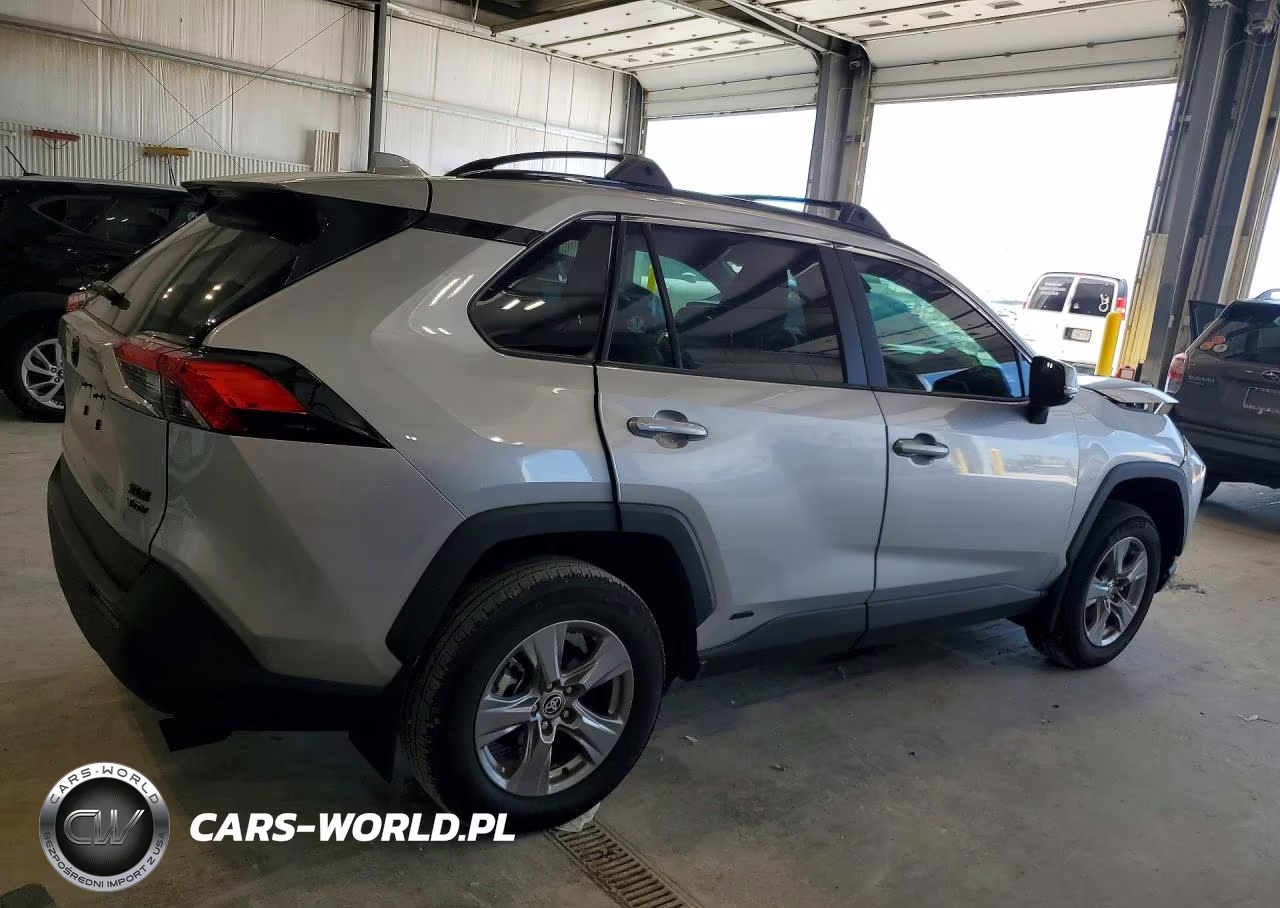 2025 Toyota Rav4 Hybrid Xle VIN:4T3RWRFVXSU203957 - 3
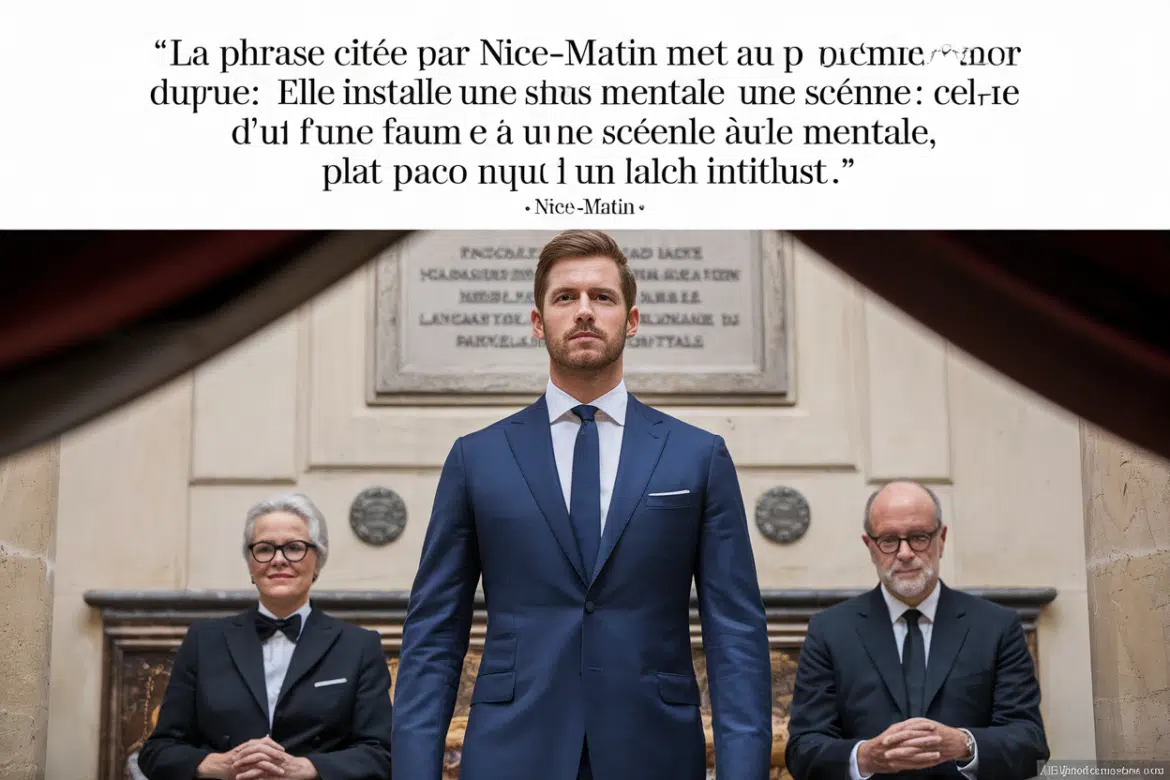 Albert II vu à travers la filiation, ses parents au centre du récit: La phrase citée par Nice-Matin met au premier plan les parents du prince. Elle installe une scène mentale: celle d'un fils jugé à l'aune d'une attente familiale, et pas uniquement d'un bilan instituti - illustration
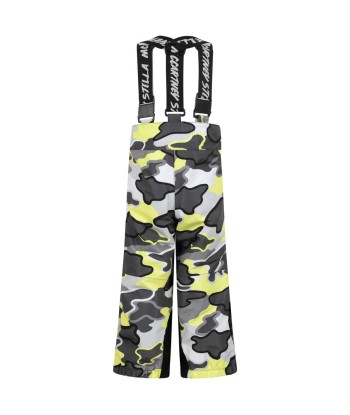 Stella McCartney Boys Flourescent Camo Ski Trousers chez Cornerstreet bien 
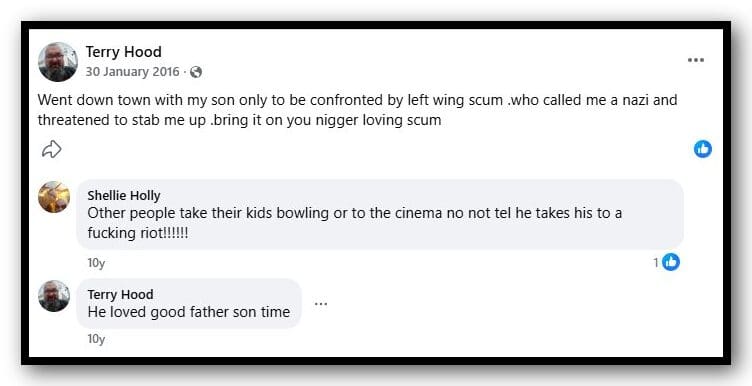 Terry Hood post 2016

## Task to complete
Could the material above be written out again word for word, with the pictures dropped?

## Exercise solution
 2025 Toyota Rav4 Hybrid Xle VIN:4T3RWRFVXSU203957 - 3
 Albert II vu à travers la filiation, ses parents au centre du récit: La phrase citée par Nice-Matin met au premier plan les parents du prince. Elle installe une scène mentale: celle d'un fils jugé à l'aune d'une attente familiale, et pas uniquement d'un bilan instituti - illustration
 Stella McCartney Boys Flourescent Camo Ski Trousers chez Cornerstreet bien 
 Terry Hood post 2016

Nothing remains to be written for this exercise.